On the other hand, our Brown brothers and sisters (Hispanic-Americans) from across the borders of Mexico are getting wiser and stronger in a nation that our parents, grandparents and progenitors have helped to build. But we can’t blame nobody but ourselves for what is happening. Because here we are in the year of 2016 and a great number of Mexicans ain’t got no education, but they are constantly thriving as a race of people. I tip my hats off to them for their efforts, because they take advantage of the opportunities that have been presented before them. They don’t go around walking with their heads sticking in the air, thinking that everything is beneath them. Hispanic-Americans do what it takes to survive, a precious commodity that used to be a part of our culture.

The “mis-educated” Negro has gotten so important that he doesn’t even want to work to make money no more. Parking cars, construction work, landscaping and clean yards and legal hustles are just not in the view of some of our “mis-educated” Negroes. I mean it is bad, because they just don’t want to do nothing because they done got “mis-educated” and think that they have arrived. Some people may not get where I am going with this and may not even see how the “mis-educated” are hurting our communities.

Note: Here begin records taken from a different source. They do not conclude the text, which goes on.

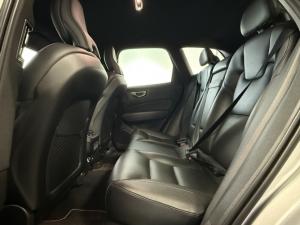 Volvo XC60 D4 AWD R-Design - Image 13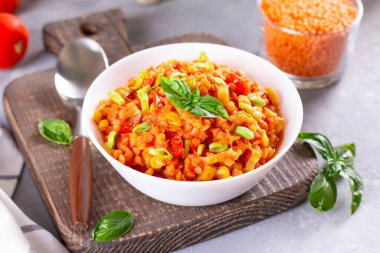 Mercimek, havuç, sebze ve fesleğenli çorba, bir tabakta.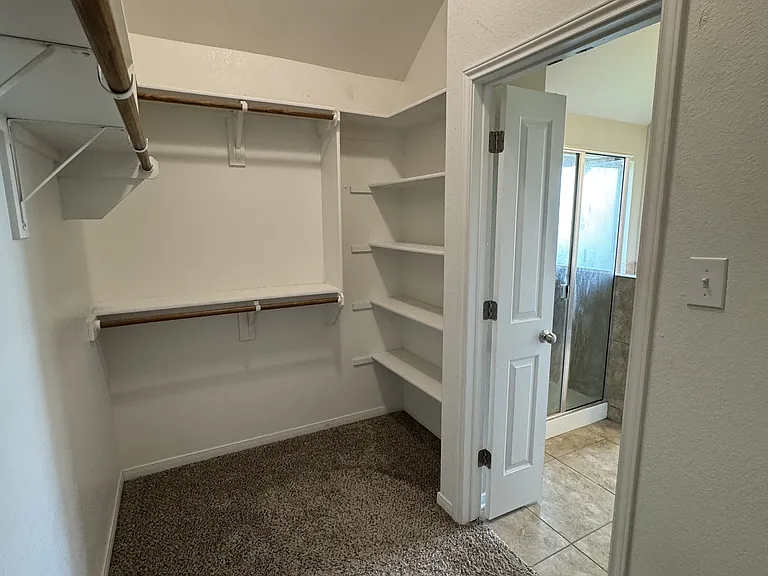 5611 Markham Dr — Photo 24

So, I want to challenge the faithful and loyal readers of African-American News&Issues to consider this next question…. How is it that our parents and grandparents were uneducated with no formal education and yet were able to send our educated selves off to school and here it is in 2016; many of us are broker than they were? They had money and no education and here it is many of us have education and very little money. Once again, I’m not knocking education; but with education if you can secure a trade and learn how to do something on your own, it would make a world of difference. Why? For the simple fact that now we have all of these “mis-educated” people that can’t do anything. Instead, they have to call a plumber, electrician, yard man, painter, get their car washed at the car wash, amongst many other elements because they have become too good to do these things themselves. In the process of races and cultures are capitalizing and making money off of jobs and trades that Black people used to dominate in the workforce with.

We MUST Understand

 that a person can teach you anything and it be misleading or incorrect, but if you teach and research some things for yourself no one can take that knowledge away from you. So I am not attempting to demean or belittle our Hispanic-Americans, matter of fact I am complimenting them for being smart and doing what it takes to make it. My problem is with the members from our community who feel and believe that they are too important to get out and do what it takes to make it. It is true that no one can take your education away from you but they can take away the employment that you need to survive with all of the education that you have gained to acquire it. But, if you have a trade or something that you can do on your own you will never have to worry about making a living and supporting yourself of your family. I am expressing these things because we need to get back to doing for ourselves and becoming self-sufficient as a race of people again. So to all of our “mis-educated” Negroes, I urge you to go back to the drawing board and reexamine the paths that you have laid out for yourselves. Take inventory and watch the other cultures around you and look and see that they are making it happen and they are doing it together. Stop, look, listen and learn!